Une Française trentenaire, en pantalon hippie, ralentit devant le stand, hausse les épaules et passe son chemin. «Je suis épuisée, justifie celle qui est partie de Los Angeles il y a dix heures. J'ai fait un test il y a un mois, maintenant faudrait en faire tous les jours !», ironise-t-elle, agacée. Du même vol, une mère et sa fille n'ont pas cherché à être dépistées dans leur Etat américain. «On savait qu'on pouvait l'être ici», indiquent les Franco-Américaines, de fait passées par l'écouvillon parisien. Les autorités connaissent leurs numéros de siège, pour prévenir leurs voisins de vol, au cas où…

Un Flamand de 57 ans, arrive lui aussi d'une zone rouge : Rio de Janeiro. Il a également un train à prendre et vérifiera plus tard qu'il n'a pas le Covid. «Faire la queue, c'est rebutant», glisse Dris, 55 ans, qui a, lui, réussi à savoir qu'il était covido-négatif dans les temps, à Atlanta. Pourtant, la file est fluide, quand elle n'est pas vide.

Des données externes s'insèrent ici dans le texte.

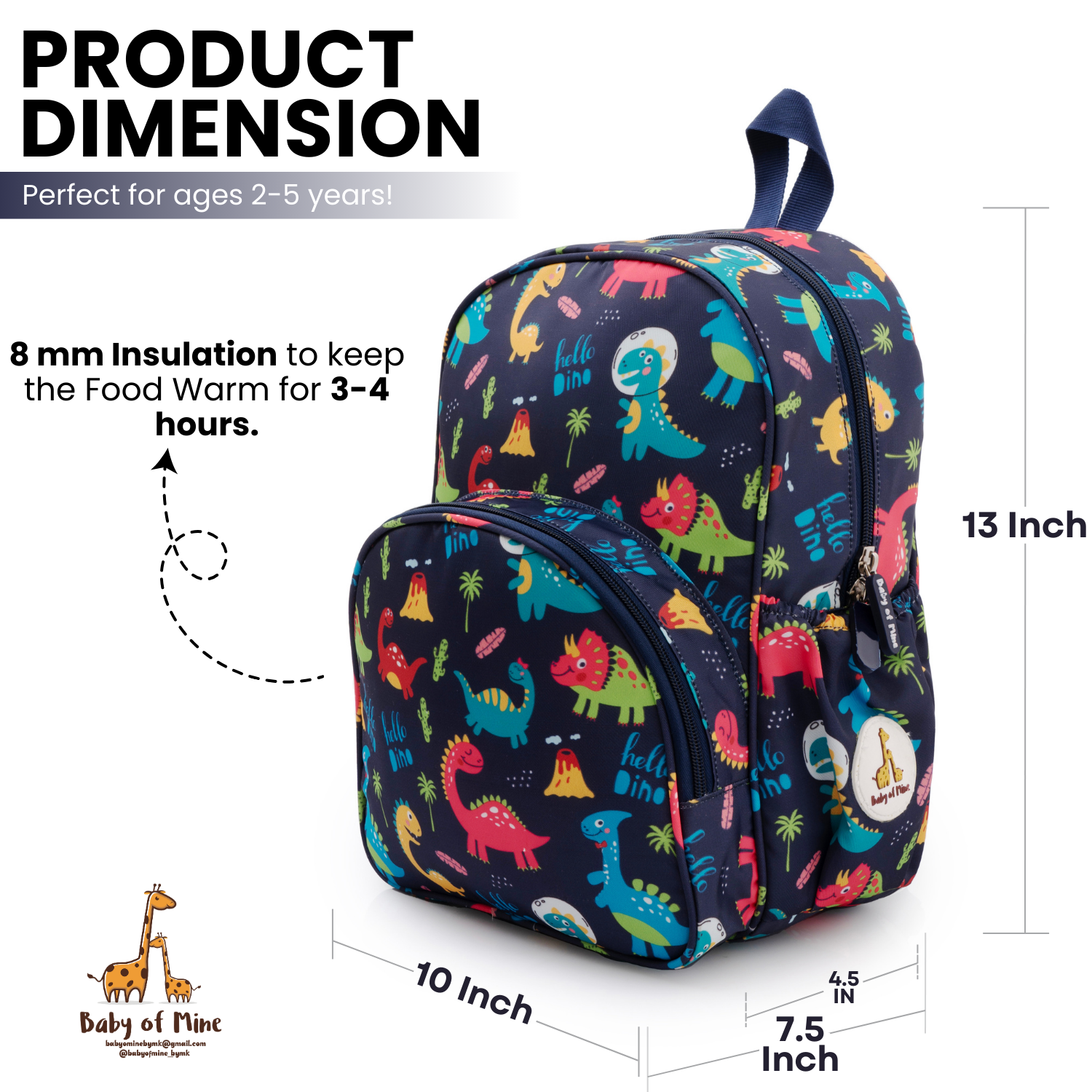 Baby of Mine Preschool Hello Dinosaur Print School Bag for Kids (2-5 Years) | Trendy Backpack for Boys & Girls | Ideal for Preschool, Nursery, Kindergarten, School, Picnic, and Travel | 13-Inch, 15L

Dépistage à l’arrivée bientôt obligatoire

Mais d'ici le 1er août, l'Etat français va resserrer les mailles du filet : les voyageurs en provenance des Etats-Unis, du Brésil, de l'Algérie, de l'Inde et de douze autres pays où le virus circule activement, devront non seulement présenter un test PCR (dans le nez) négatif avant d'embarquer vers la France, mais le refaire à leur arrivée. Le virus peut être en effet détecté seulement au bout de plusieurs jours. Cela pourra quotidiennement concerner, à Roissy, jusqu'à 3 000 personnes. Leur nombre reste limité car ces vols ne sont pas touristiques mais motivés par des raisons personnelles ou professionnelles.

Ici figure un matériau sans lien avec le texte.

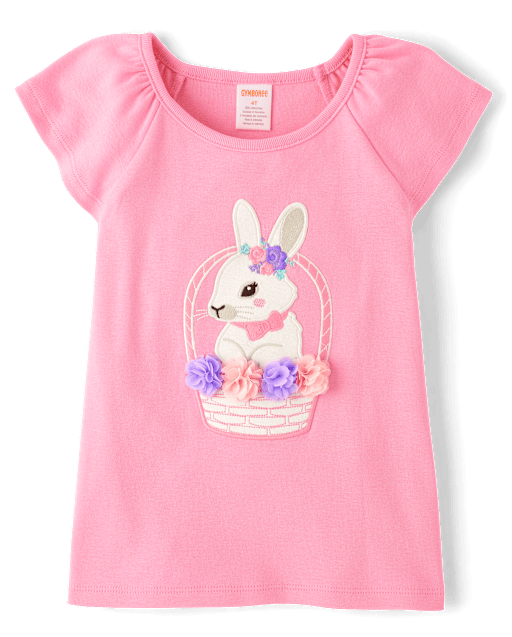 Girls Embroidered Bunny Top - Garden Party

En attendant, Patrick du Brésil, les Américains Daniel et Chris, Sipan d’Arménie, Alexis de Montréal, et bien d’autres voyageurs qui sont entrés ce samedi dans l’espace Schengen, ne savent pas s’ils sont porteurs du Covid. Vendredi, Santé publique France enregistrait plus de 1 000 malades supplémentaires et onze nouveaux clusters en vingt-quatre heures.